* _WORK ORDER_: In the material below, the lines between the one holding "Dimex Cosmos Flowers" and the one holding "Купить оптом в", inclusive, are to be set down word for word. Pictures stay out.

Top of DATASET EXTRACT

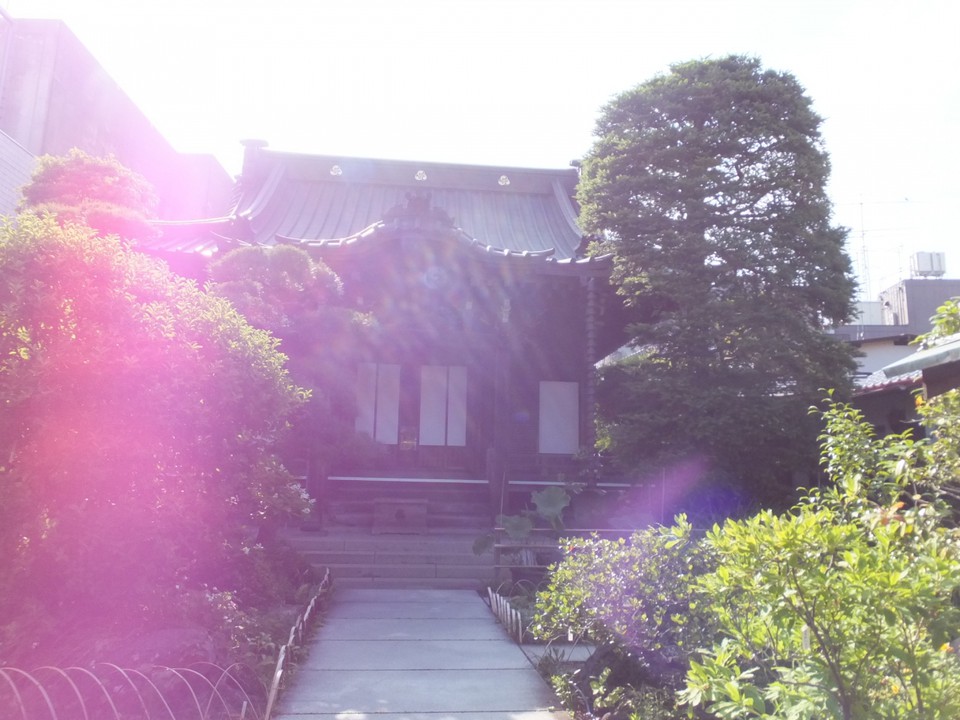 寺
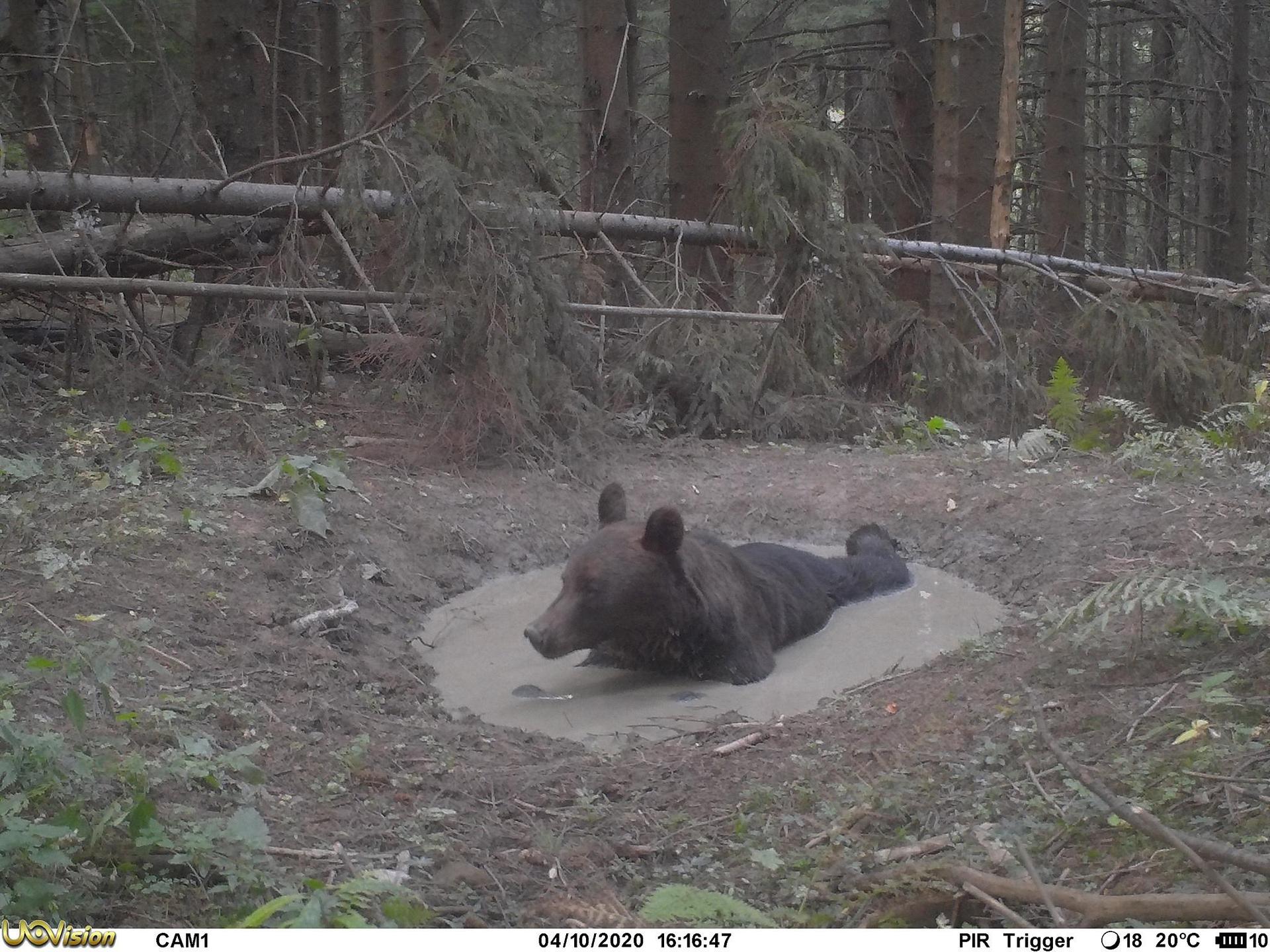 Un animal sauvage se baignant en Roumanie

Bottom of DATASET EXTRACT
Top of DATASET EXTRACT

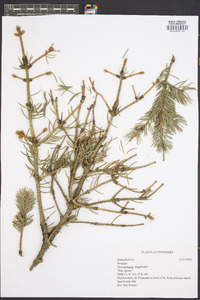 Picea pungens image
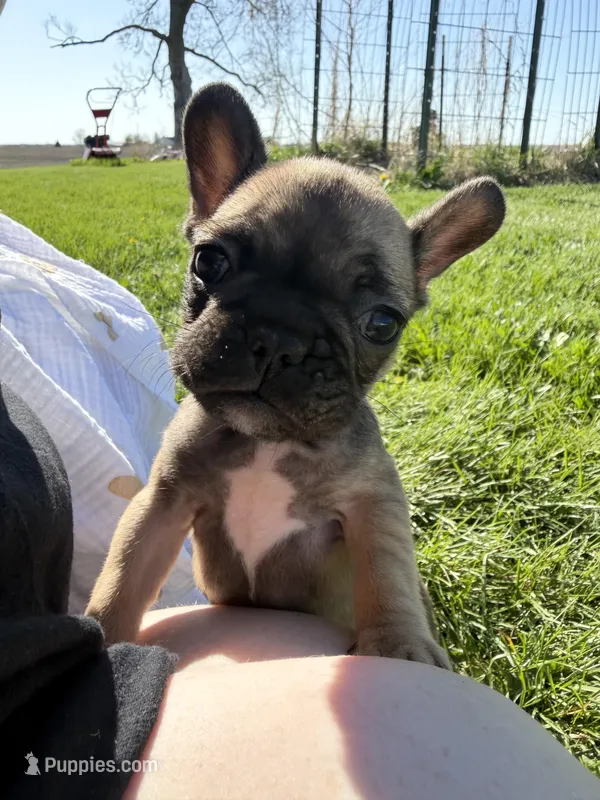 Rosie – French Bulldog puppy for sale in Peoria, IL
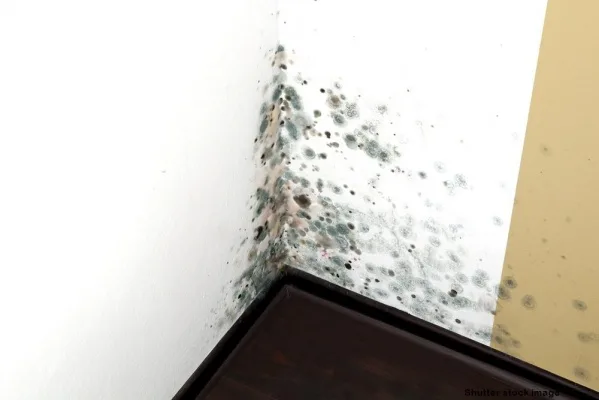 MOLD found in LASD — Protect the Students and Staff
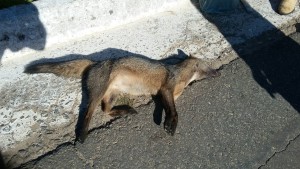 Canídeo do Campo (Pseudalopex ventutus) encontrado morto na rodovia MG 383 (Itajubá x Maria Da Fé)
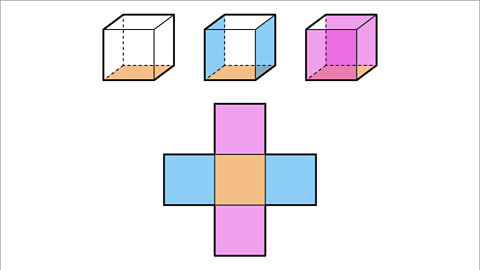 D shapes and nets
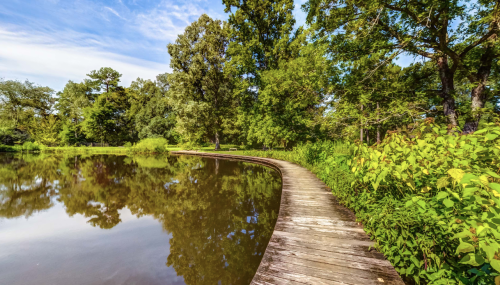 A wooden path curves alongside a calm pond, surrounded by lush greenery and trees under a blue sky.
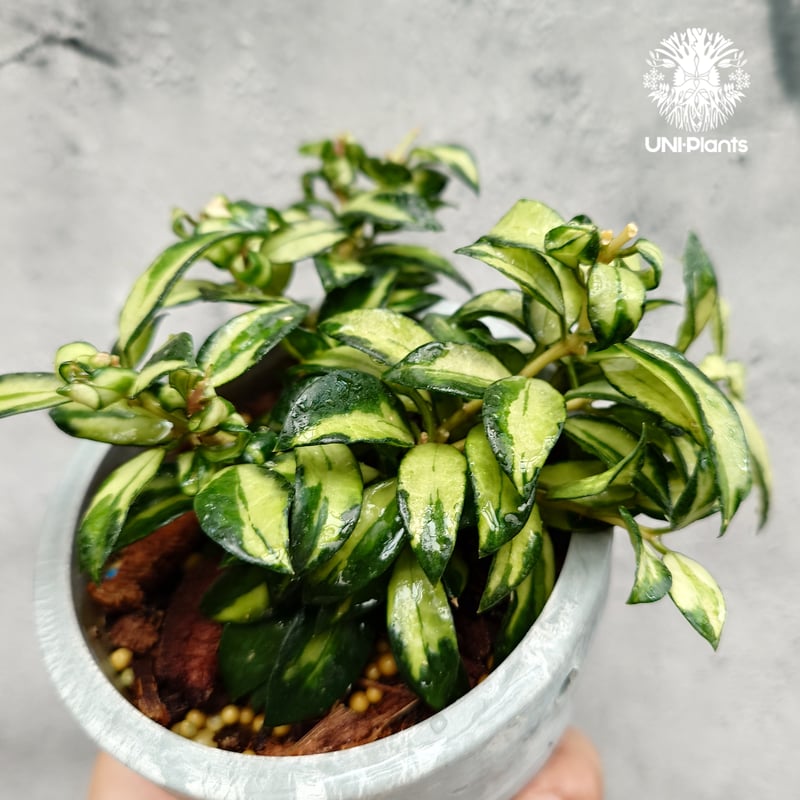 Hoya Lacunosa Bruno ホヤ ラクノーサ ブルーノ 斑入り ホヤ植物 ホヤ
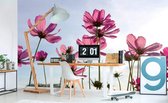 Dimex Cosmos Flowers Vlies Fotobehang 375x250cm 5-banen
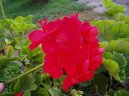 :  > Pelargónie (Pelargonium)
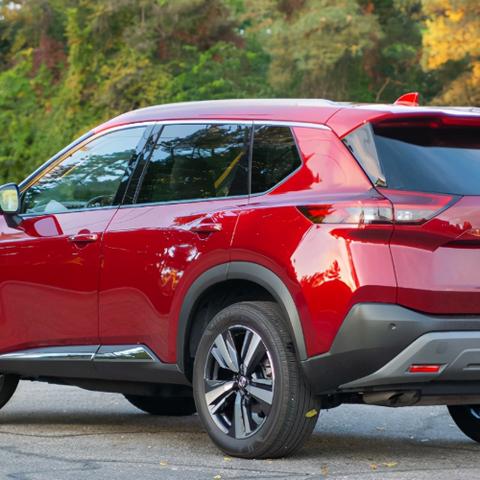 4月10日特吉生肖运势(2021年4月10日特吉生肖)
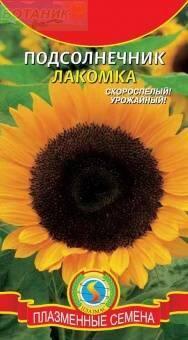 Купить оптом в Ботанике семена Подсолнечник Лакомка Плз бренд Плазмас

Bottom of DATASET EXTRACT

* _WRITTEN ANSWER_:
 Dimex Cosmos Flowers Vlies Fotobehang 375x250cm 5-banen
 :  > Pelargónie (Pelargonium)
 4月10日特吉生肖运势(2021年4月10日特吉生肖)
 Купить оптом в Ботанике семена Подсолнечник Лакомка Плз бренд Плазмас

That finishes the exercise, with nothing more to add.